Hemp-derived non-intoxicating CBD remains broadly available and lawful subject to packaging and labeling requirements.
Section 12
Expungement & Sealing Cannabis Records
Unlike many adult-use states (Illinois, New York, New Jersey), Florida did not enact automatic expungement of past cannabis convictions when it created the medical program. Amendment 3 would not have included expungement either. As of 2026, Floridians with prior cannabis convictions must pursue expungement or sealing through the standard procedure under § 943.0585 (expungement) or § 943.059 (sealing).
Eligibility is restrictive: a person may have only one criminal record sealed or expunged in a lifetime, the case must have been dismissed or resolved without an adjudication of guilt, and the offense must not be on the statutory exclusion list. Most felony trafficking convictions cannot be expunged. A Florida criminal defense attorney can evaluate eligibility on a case-by-case basis.
Section 13
Out-of-State Patients & Reciprocity
Florida has no reciprocity with any other state's medical marijuana program. An MMJ card from California, New York, New Jersey, Pennsylvania, Massachusetts, Illinois, Ohio, Georgia, or any other jurisdiction is not recognized at Florida MMTCs and provides no defense to state possession charges.

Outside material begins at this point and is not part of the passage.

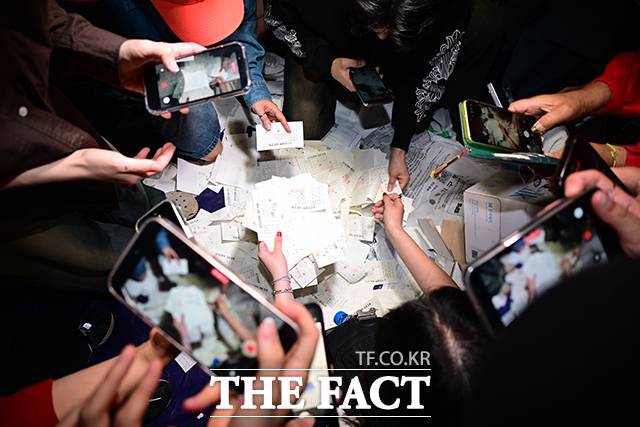 5일 오전 경찰이 서울 송파구 잠실7동 제2투표소 투표함을 반출한 가운데 부정선거를 주장하는 유튜버·시위대 등이 투표소 내부에 남아있는 선거인명부대조표를 발견해 촬영하고 있다. /남윤호 기자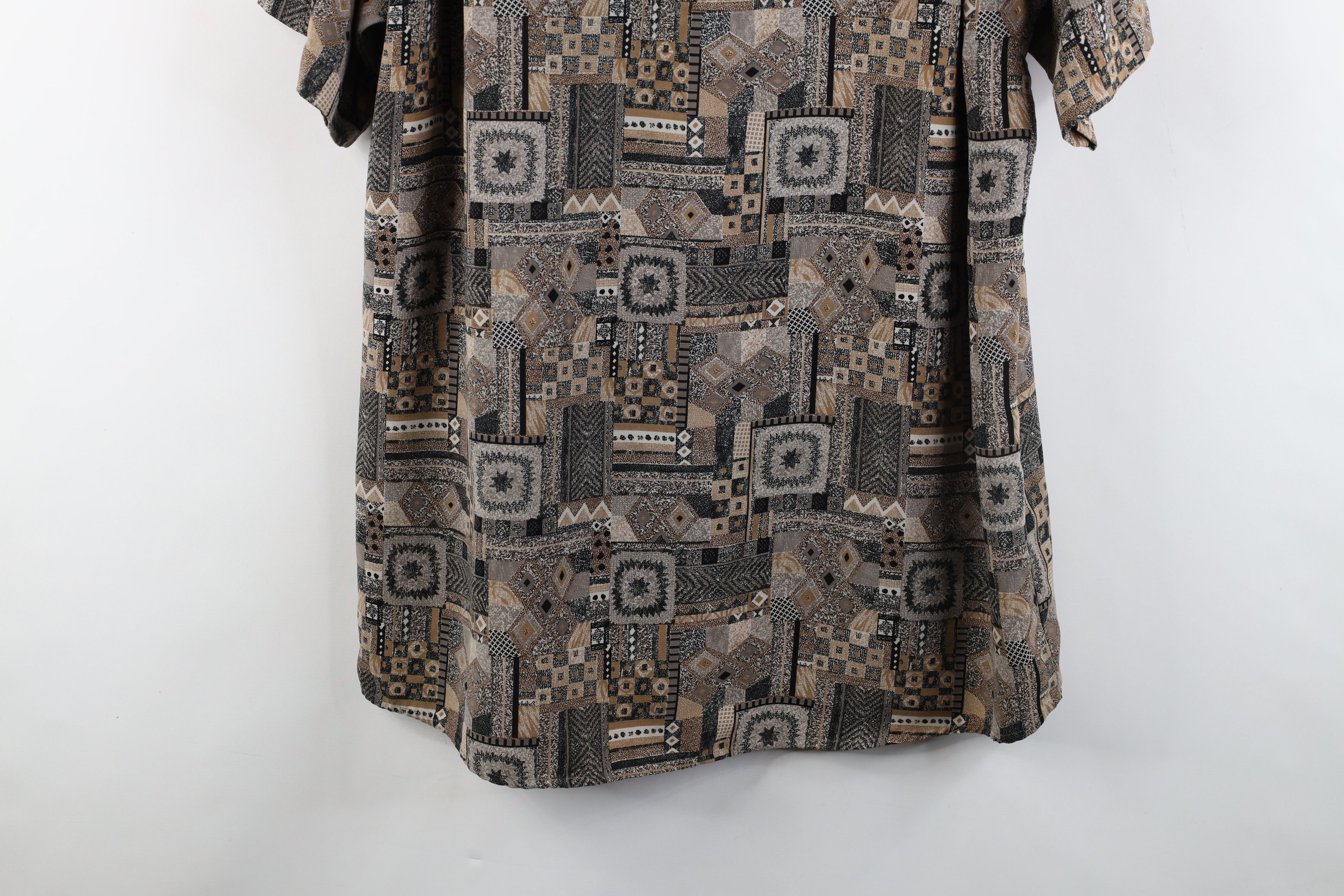 Vintage Vintage 90s Streetwear Geometric Collared Button Shirt Size US L / EU 52-54 / 3 - 10 Thumbnail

Out-of-state visitors who maintain a temporary residence in Florida for 31 or more consecutive days per calendar year qualify as seasonal residents under § 381.986(1)(g)[1] and may apply for a Florida MMUR card without becoming permanent residents. The application process is otherwise identical to that for full-time residents.
Transporting cannabis across any state line — even between two states with legal medical or adult-use programs — is a federal trafficking offense regardless of state law. This is true at every Florida border (Alabama, Georgia) and at every Florida airport, port, and amtrak station.
Section 14
What's Next: 2026 Ballot & Beyond
Three trajectories are worth tracking heading into 2026:
Smart & Safe Florida 2.0
A revised adult-use ballot initiative is in active drafting for the November 2026 election. Expected refinements include language to address the 2024 opposition's concerns about public consumption and minor exposure. The 60% supermajority remains the central obstacle.
DEA Schedule III rescheduling
If finalized, federal rescheduling to Schedule III would not legalize cannabis federally but would dramatically change tax treatment for MMTCs (eliminating IRC § 280E penalties), enable medical research, and potentially soften some federal employment, immigration, and firearms consequences.
Continued hemp enforcement
SB 1676 implementation continues into 2026 with expected enforcement actions against non-compliant retailers and manufacturers. Expect further legislative refinement of the line between hemp and marijuana.